Got to fish out of Daybreak Marina in Pensacola with the Bunt crew today. The storms made it a little slow getting out there today but we finally got out to the fishing grounds and they proceeded to put a smack down on those poor little slimmy fellas. Got some good shots on the boat and back on land. Enjoy and be safe. Watch the weather. 

Captain Delynn Sigler
Offshore/Deepsea Fishing Guide
(850)689-3133 Office/Hm
(850)758-2165 cell


----------



## lastcast (Oct 12, 2007)

Nice fish Capt. Congrats!


----------



## jjam (Dec 9, 2007)

Good grief Capt, you always bring home the goods in mega style...
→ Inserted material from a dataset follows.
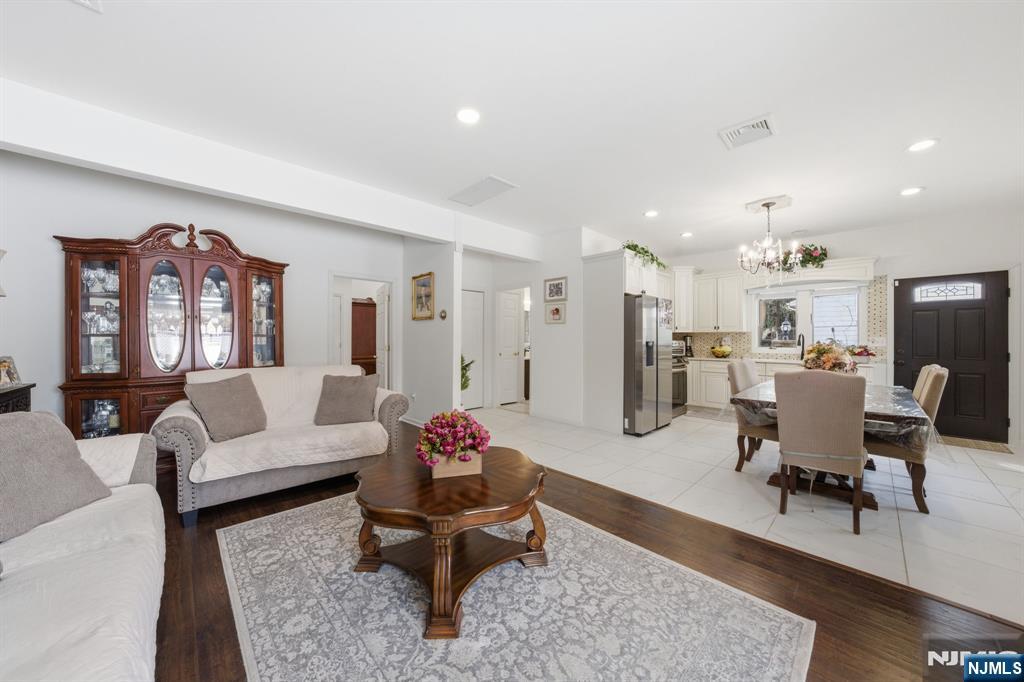 270 Baldwin Avenue — photo 37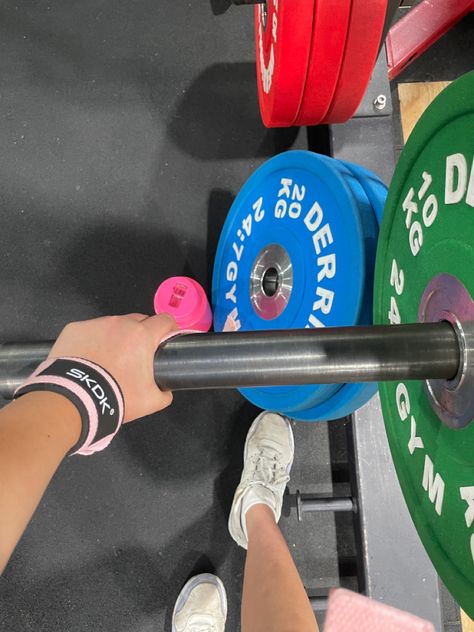 Weight Lift Aesthetic, Pink Weightlifting Aesthetic, Running Pink Aesthetic, Bright Workout Aesthetic, Weightlifting Women Aesthetic, Work Out Asthetics Photos, Lifting Weights Aesthetic, Gym Teacher Aesthetic, Weight Lifting Women Aesthetic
Way to put your customers on dem' fishies.

Jimmy


----------



## Gadan (Mar 15, 2012)

Great box of fish Capt looking foward to Tuesday.


----------



## MillerTime (Jul 6, 2011)

What a variety of fish. Were you actually targeting the blackfin?


----------



## cobe killer (Apr 13, 2008)

awesome!! again delynn. i wish i had a boat so that you would take me out on it for some of them hugh scamp!!!good job!


----------



## D35 (Jun 29, 2011)

Great job Delynn!


----------



## submariner (Oct 2, 2007)

nice mess of fish way to get a mixed bag


----------



## coolbluestreak (Jun 27, 2011)

Wow, what a haul!:thumbsup:


----------



## Captain Mickey O'Reilly (Dec 18, 2008)

Awesome job Captain! Way to keep em on the fish!


----------



## Capt. Delynn (Oct 4, 2007)

Thanks everyone for the comments. I am blessed to fish with some great people that make me look good. All I do is drive, they catch them. No we did not target the blackfin. They just eat baits on our bottom rods. I guess they like it down deep sometimes too. Many times they hit it on the way down. The most be fast, cause I use big sinkers. We catch most of the kings that way also. Loose a few hooks to them too.


----------



## Capt. Mickey Locke (Oct 4, 2007)

Awesome box of fish Delynn!


----------